§ **Entries supplied**:
+++
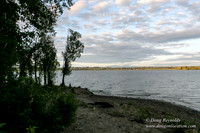 Vancouver Lake Park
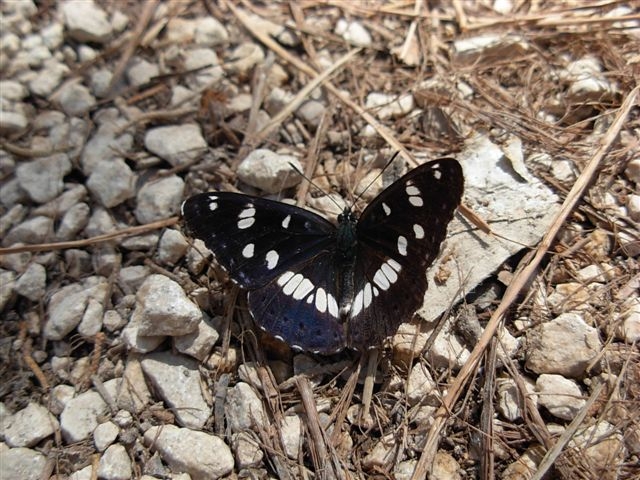 Limenitis reducta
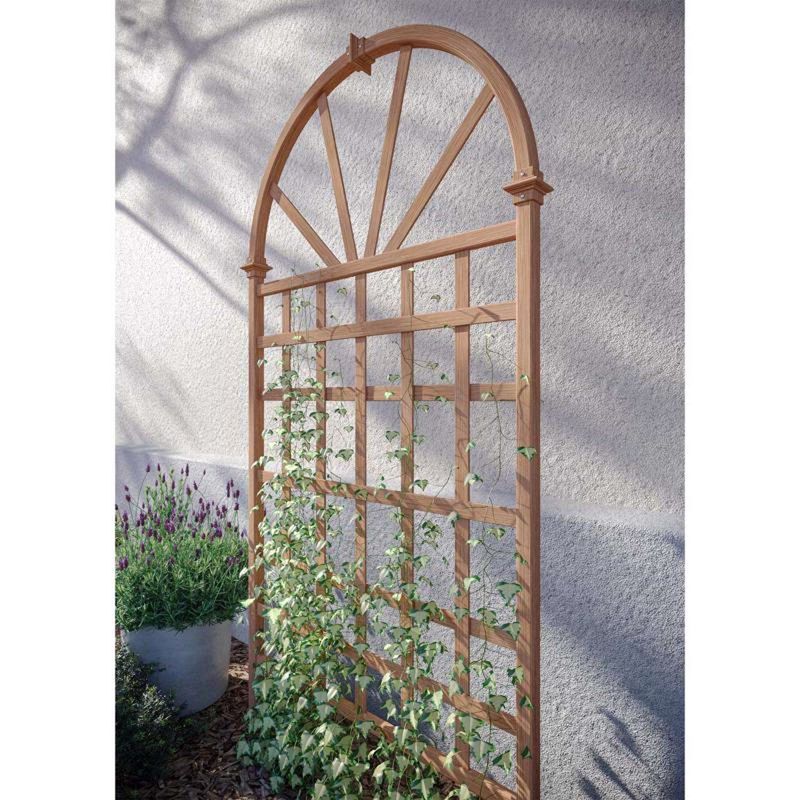 Window Frame Trellis Network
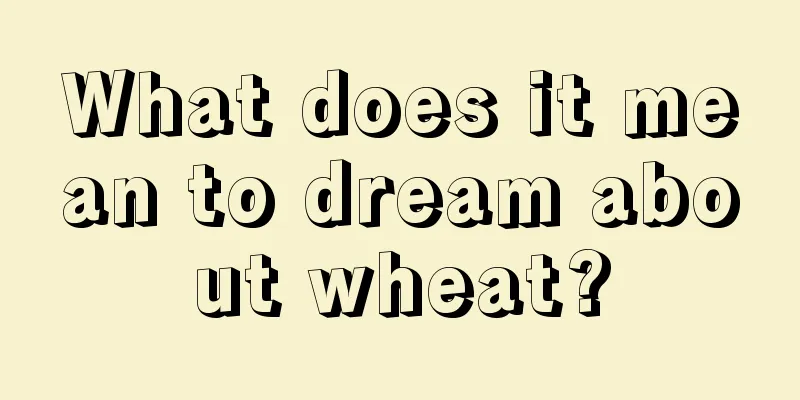 What does it mean to dream about wheat?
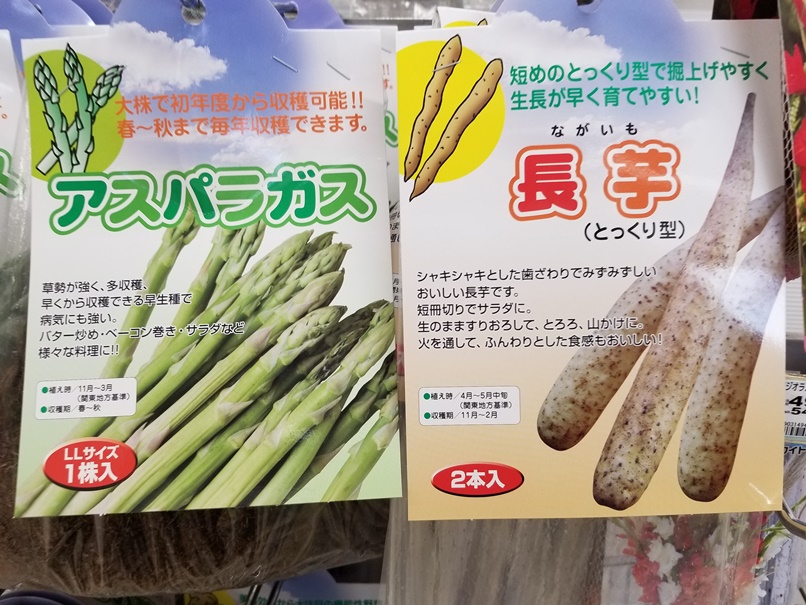 アスパラガスか・・・の画像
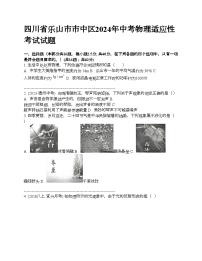 四川省乐山市市中区2024年中考物理适应性考试试题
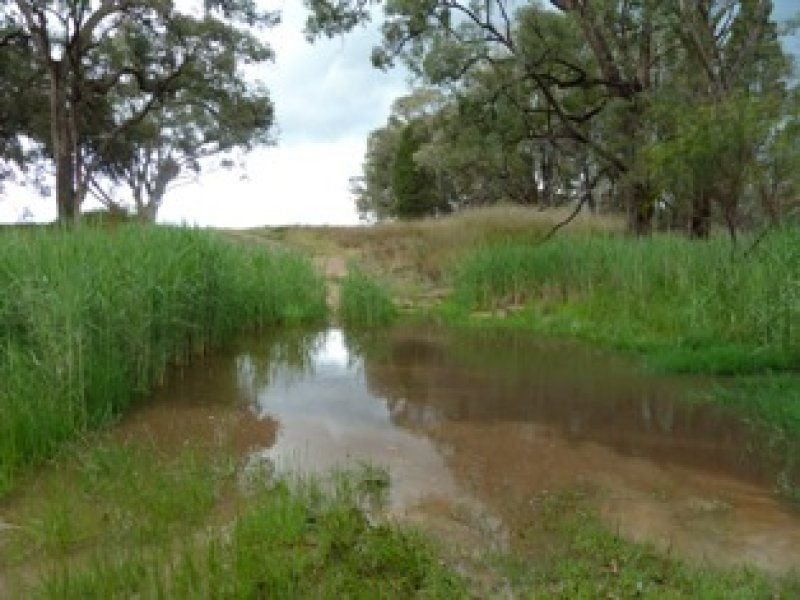 . Spring Creek Road, Gulgong, NSW 2852 - Property Details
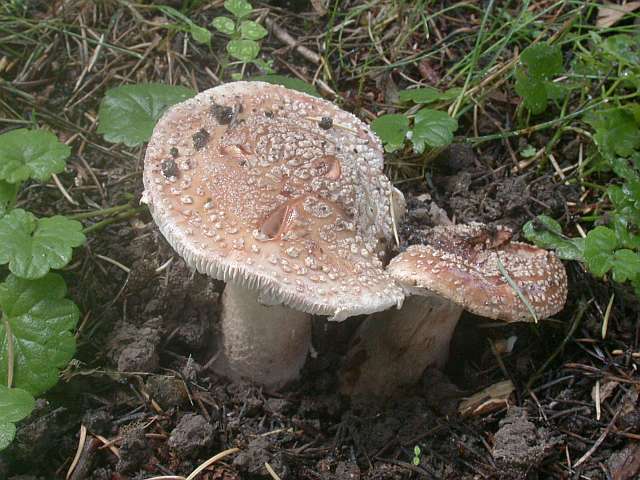 amanita_rubescens_5.jpg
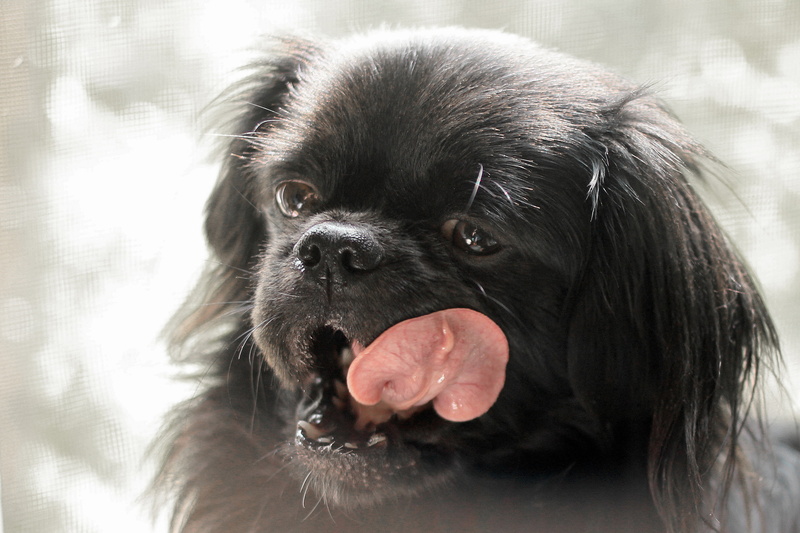 muzzle, dog, 2K, lips, licking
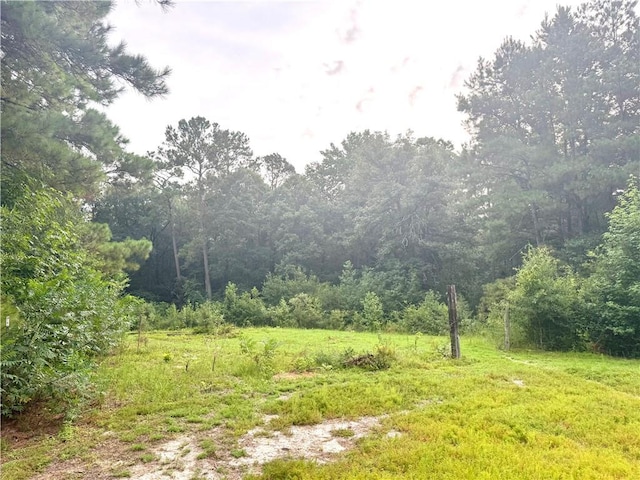 26354 C Jenkins Rd, Angie, LA 70426 - photo 24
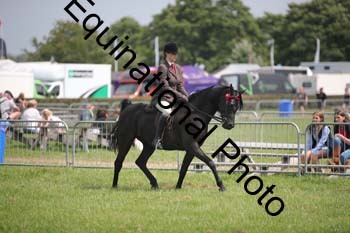BBX-1357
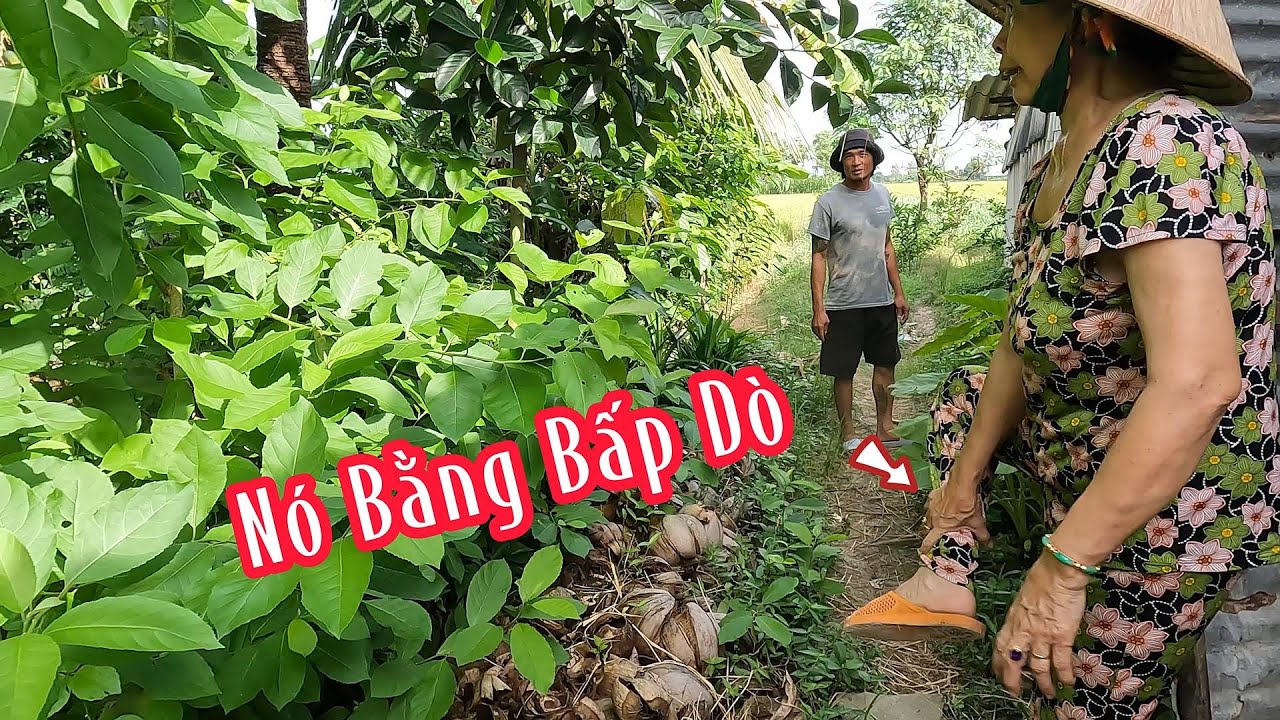 Không Thể Tin Nổi Con Rắn Gì Mà Nó To Khủng Khiếp Vậy Trời | Mười Thương SB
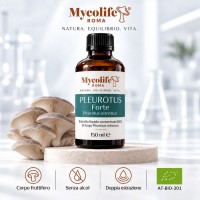 FORTE PLEUROTUS OSTREATUS 150 ml - Équilibre - Mycolife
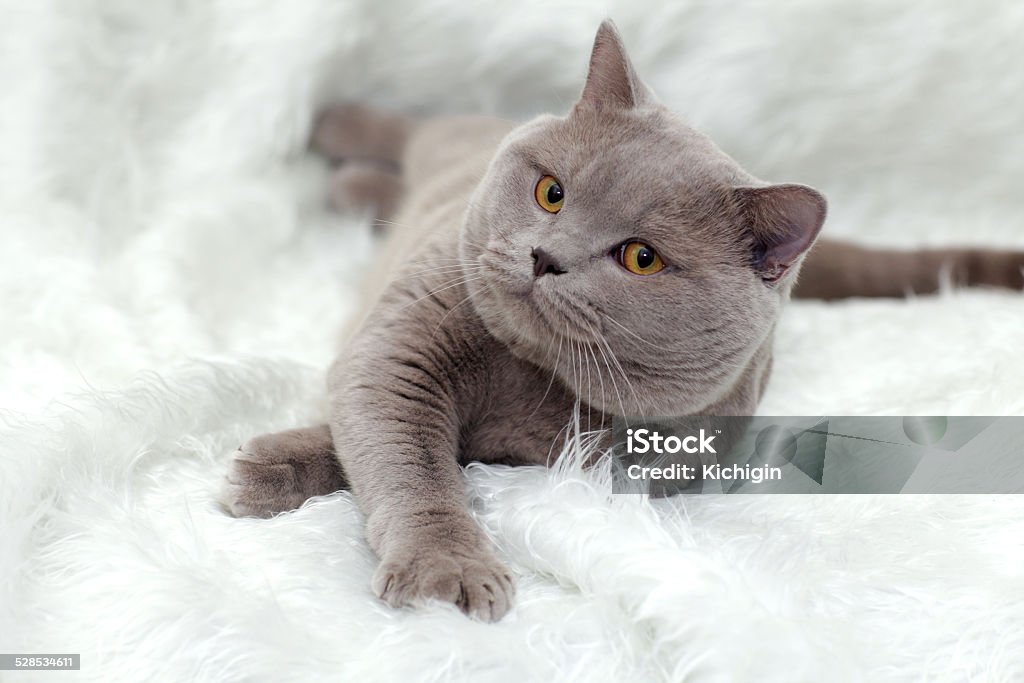 gray British cat on a white background Feline Stock Photo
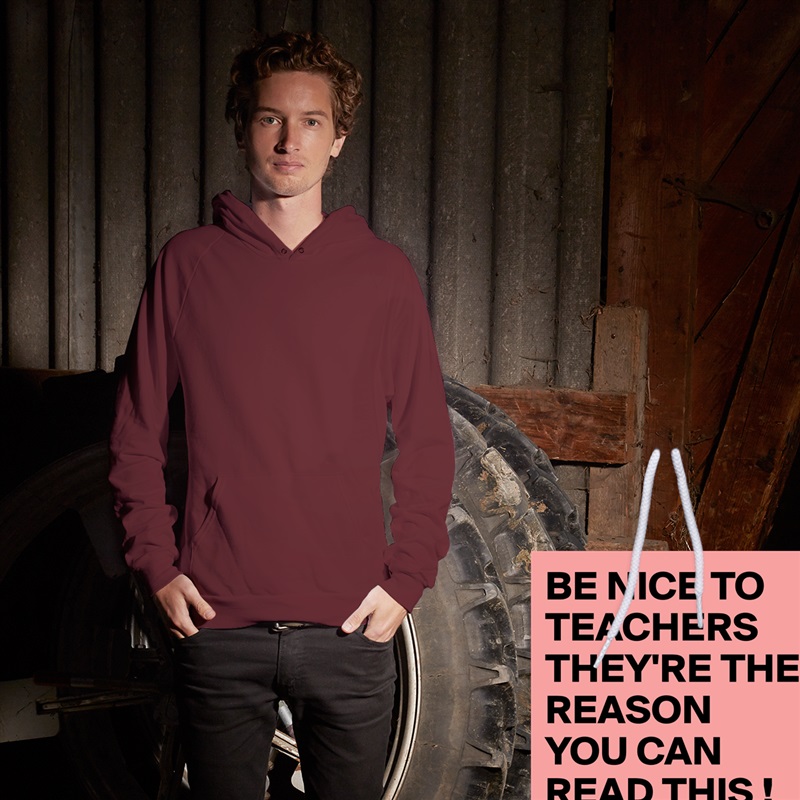 BE NICE TO TEACHERS THEY'RE THE REASON YOU CAN READ THIS ! White American Apparel Unisex Pullover Hoodie Custom  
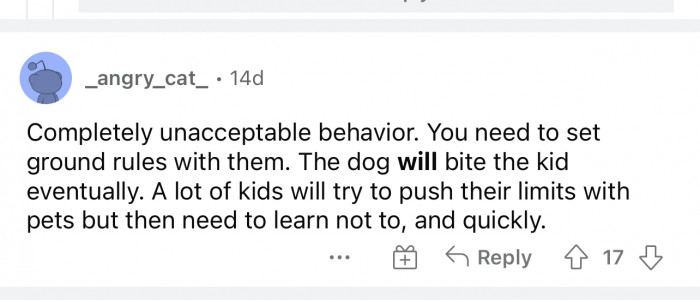 Kids will be kids and dogs will be dogs, but there need to be some boundaries set.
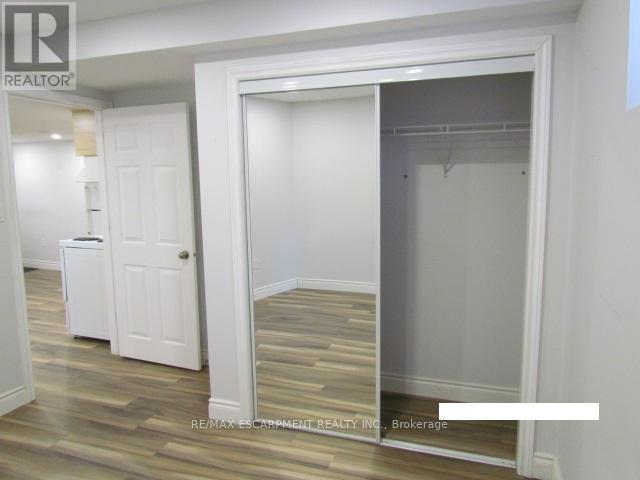 Basement - 5542 Twelve Mile Trail, Burlington, Ontario  L7L 7L3 - Photo 8 - W12717984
+++
§ **Task to complete**:
Retype all of the listing word for word and skip the pictures.

§ **Solved problem**:
 Vancouver Lake Park
 Limenitis reducta
 Window Frame Trellis Network
 What does it mean to dream about wheat?
 アスパラガスか・・・の画像
 四川省乐山市市中区2024年中考物理适应性考试试题
 . Spring Creek Road, Gulgong, NSW 2852 - Property Details
 amanita_rubescens_5.jpg
 muzzle, dog, 2K, lips, licking
 26354 C Jenkins Rd, Angie, LA 70426 - photo 24
BBX-1357
 Không Thể Tin Nổi Con Rắn Gì Mà Nó To Khủng Khiếp Vậy Trời | Mười Thương SB
 FORTE PLEUROTUS OSTREATUS 150 ml - Équilibre - Mycolife
 gray British cat on a white background Feline Stock Photo
 BE NICE TO TEACHERS THEY'RE THE REASON YOU CAN READ THIS ! White American Apparel Unisex Pullover Hoodie Custom  
 Kids will be kids and dogs will be dogs, but there need to be some boundaries set.
 Basement - 5542 Twelve Mile Trail, Burlington, Ontario  L7L 7L3 - Photo 8 - W12717984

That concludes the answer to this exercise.